Sigmund Freud Psychosexual Theory of Development

According to Sigmund Freud, personality is mostly established by the age of five. Early experiences play a large role in personality development and continue to influence behavior later in life.

Sigmund Freud Psychosexual Theory of Development


According to Sigmund Freud, personality is mostly established by the age of five. Early experiences play a large role in personality development and continue to influence behavior later in life.

Freud's theory of psychosexual development is one of the best known, but also one of the most controversial. Freud believed that personality develops through a series of childhood stages during which the pleasure-seeking energies of the id become focused on certain erogenous areas. This psychosexual energy, or libido, was described as the driving force behind behavior.

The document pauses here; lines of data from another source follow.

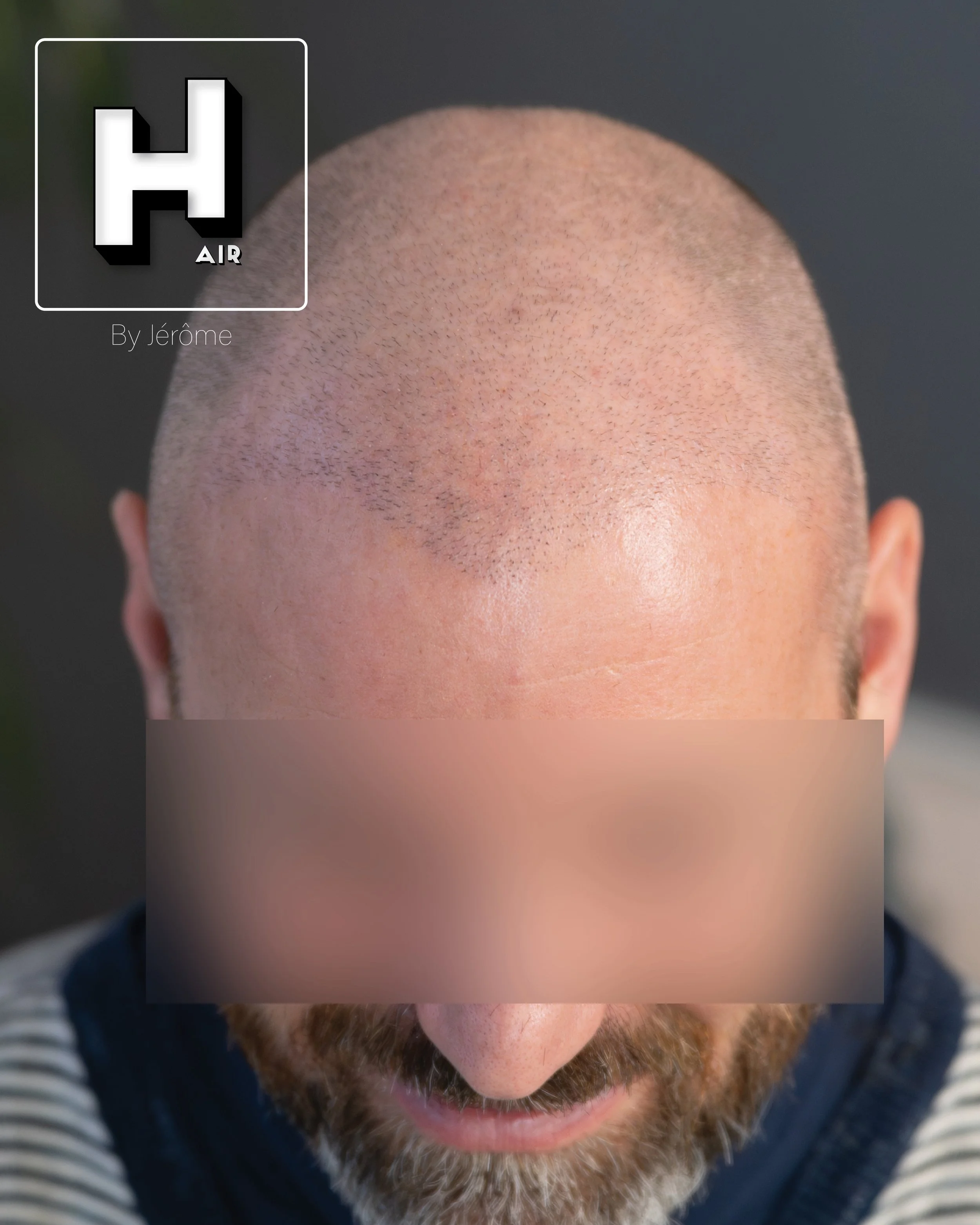 smp  effet rasé greffe cheveux turquie fue smpartistbelgium hairbyjerome7.jpg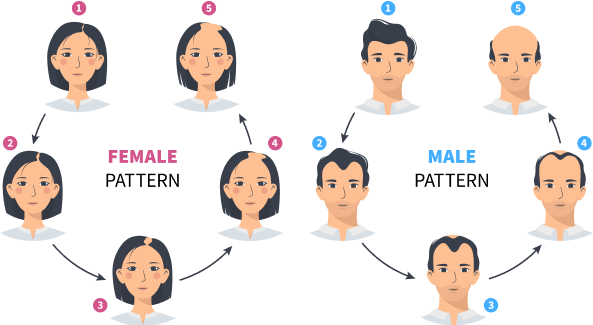 Male & Female Pattern Baldness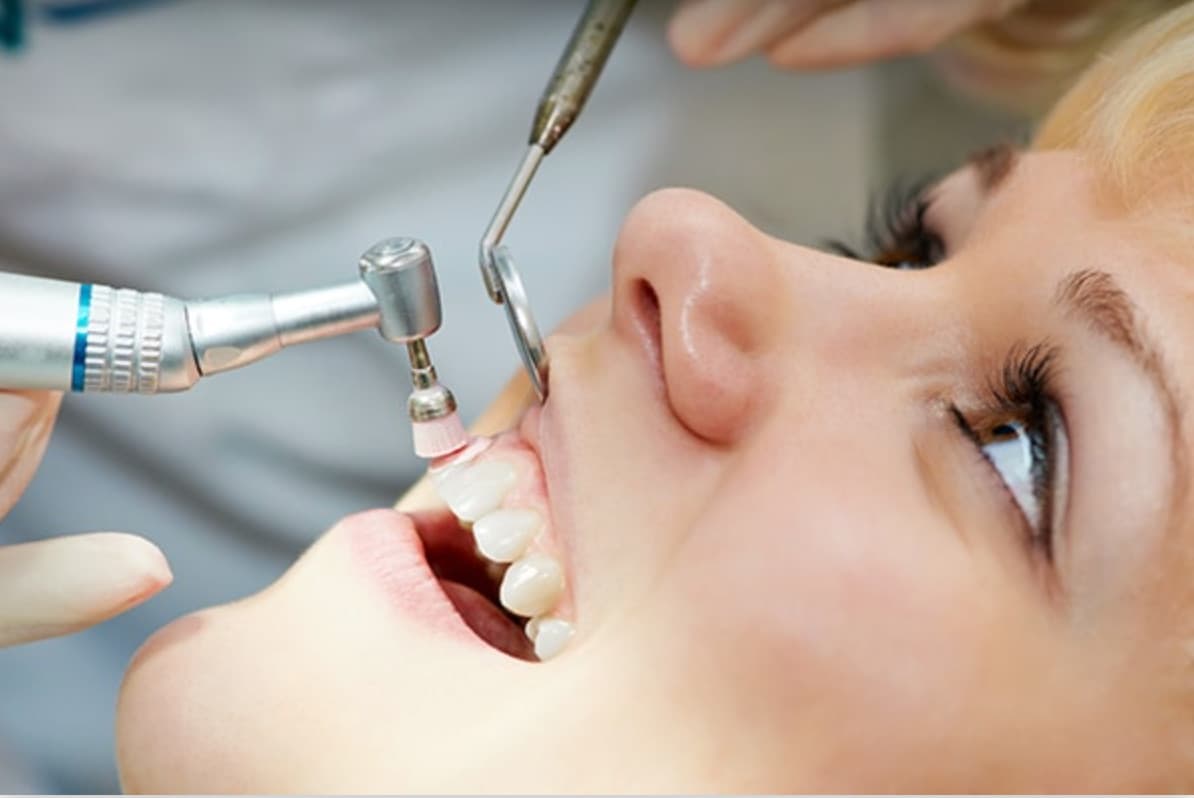 Ultrasonic dental cleaning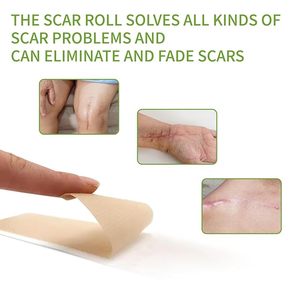 Silicone vết sẹo tấm (1.6x120 Roll-3M) y tế có thể giặt tái sử dụng cho c-phần phẫu thuật ghi sẹo lồi mụn loại bỏ tấm - Product Image 5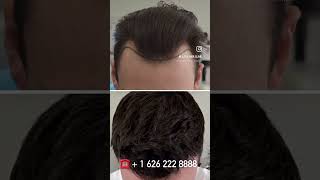 12 months update fue hair transplant result at almost full growth.  #fue #hair #fuehairrestoration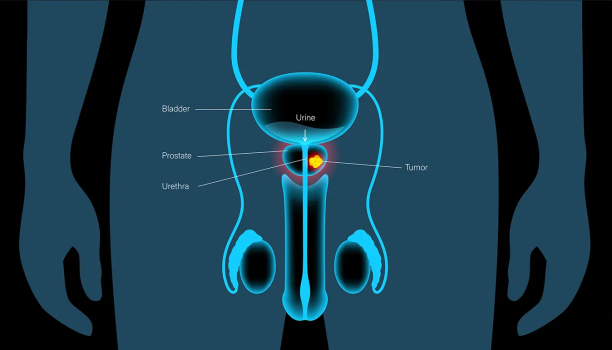 Técnicas disponiveis para o tratamento da Hiperplasia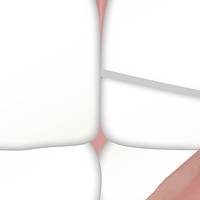 Оферти за ортодонт софия 18 от DsDent Оферти за ортодонт софия 18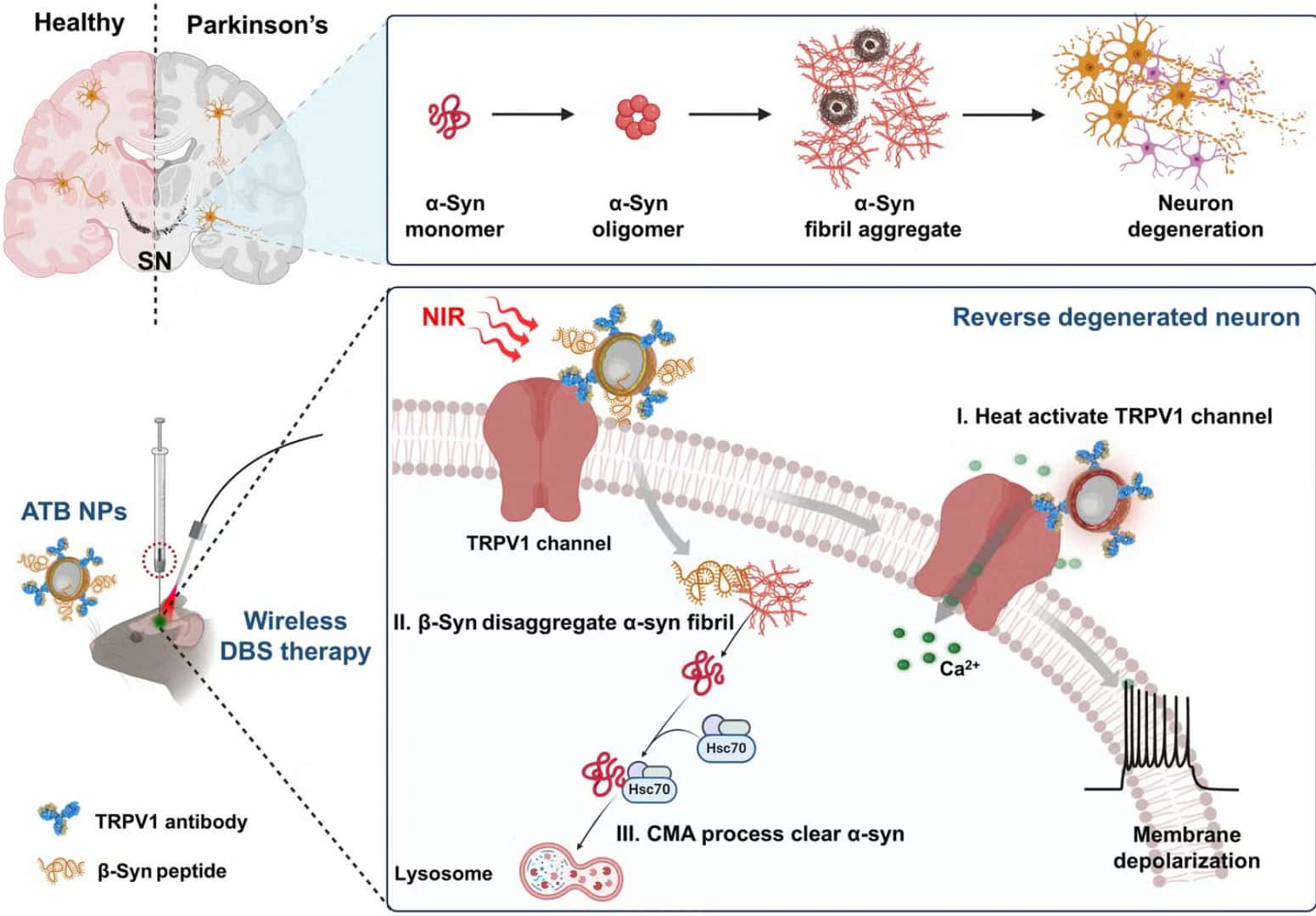 parkinsonova choroba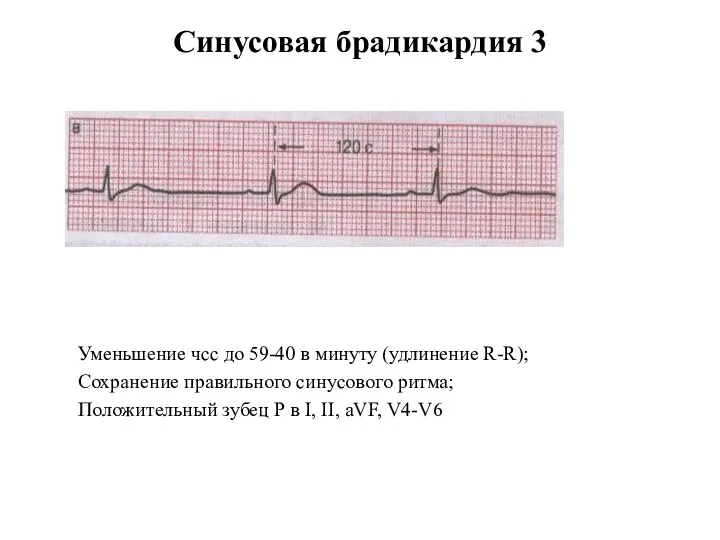 Синусовая брадикардия 3 Уменьшение чсс до 59-40 в минуту (удлинение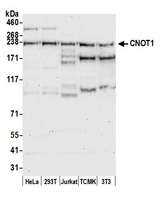 NOT1 / CNOT1 Antibody - Detection of human and mouse CNOT1 by western blot. Samples: Whole cell lysate (50 µg) from HeLa, HEK293T, Jurkat, mouse TCMK-1, and mouse NIH 3T3 cells prepared using NETN lysis buffer. Antibody: Affinity purified rabbit anti-CNOT1 antibody used for WB at 1:1000. Detection: Chemiluminescence with an exposure time of 30 seconds.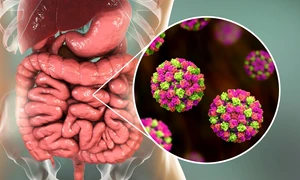 norovirus foto shutterstock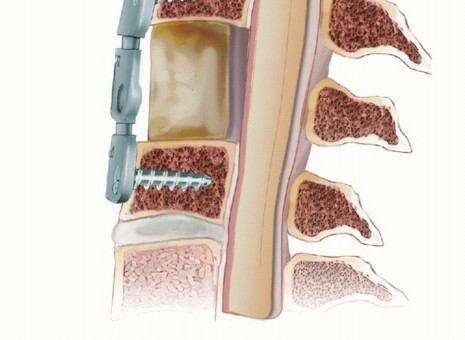 Illustration 26 for How ACDF Clears Your Posterior Disc Space for Lasting Relief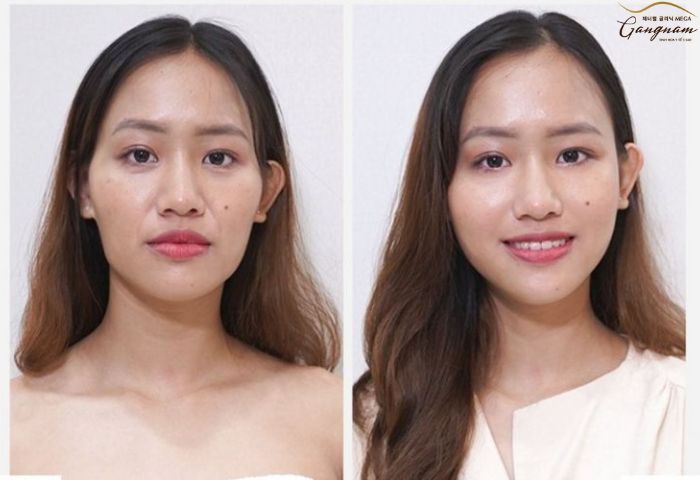 1 CC HA Collagen bao nhiêu tiền?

If these psychosexual stages are completed successfully, the result is a healthy personality. If certain issues are not resolved at the appropriate stage, fixation can occur. A fixation is a persistent focus on an earlier psychosexual stage. Until this conflict is resolved, the individual will remain "stuck" in this stage. For example, a person who is fixated at the oral stage may be over-dependent on others and may seek oral stimulation through smoking, drinking, or eating.

1. The Oral Stage

Age Range: Birth to 1 Year
Erogenous Zone: Mouth 
During the oral stage, the infant's primary source of interaction occurs through the mouth, so the rooting and sucking reflex is especially important. The mouth is vital for eating, and the infant derives pleasure from oral stimulation through gratifying activities such as tasting and sucking. the infant also develops a sense of trust and comfort through this oral stimulation. The primary conflict at this stage is the weaning process--the child must become less dependent upon caretakers. If fixation occurs at this stage, Freud believed the individual would have issues with dependency or aggression. Oral fixation can result in problems with drinking, eating, smoking or nail biting.

2. The Anal Stage

Age Range: 1 to 3 years
Erogenous Zone: Bowel and Bladder Control
Focus of the libido was on controlling bladder and bowel movements. The major conflict at this stage is toilet training--the child has to learn to control his or her bodily needs. Developing this control leads to a sense of accomplishment and independence. According to Freud, success at this stage is dependent upon the way in which parents approach toilet training. If parents take an approach that is too lenient, Freud suggested that an anal-expulsive personality could develop in which the individual has a messy, wasteful or destructive personality. If parents are too strict or begin toilet training too early, Freud believed that an anal-retentive personality develops in which the individual is stringent, orderly, rigid and obsessive.

3. The Phallic Stage

Age Range: 3 to 6 Years
Erogenous Zone: Genitals
During the phallic stage, the primary focus of the libido is on the genitals. At this age, children also begin to discover the differences between males and females. Freud also believed that boys begin to view their fathers as a rival for the mother’s affections. The Oedipus complex describes these feelings of wanting to possess the mother and the desire to replace the father. However, the child also fears that he will be punished by the father for these feelings, a fear Freud termed castration anxiety. The term Electra complex has been used to described a similar set of feelings experienced by young girls. Freud, however, believed that girls instead experience penis envy.Eventually, the child begins to identify with the same-sex parent as a means of vicariously possessing the other parent. Psychologists such as Karen Horney disputed this theory, calling it both inaccurate and demeaning to women. Instead, Horney proposed that men experience feelings of inferiority because they cannot give birth to children.

4. The Latent Period 

Age Range: 6 to Puberty
Erogenous Zone: Sexual Feelings Are Inactive
During the latent period, the libido interests are suppressed. The stage begins around the time that children enter into school and become more concerned with peer relationships, hobbies and other interests. This stage is important in the development of social and communication skills and self-confidence.

5. The Genital Stage 

Age Range: Puberty to Death
Erogenous Zone: Maturing Sexual Interests
During the final stage of psychosexual development, the individual develops a strong sexual interest in the opposite sex. This stage begins during puberty but last throughout the rest of a person's life.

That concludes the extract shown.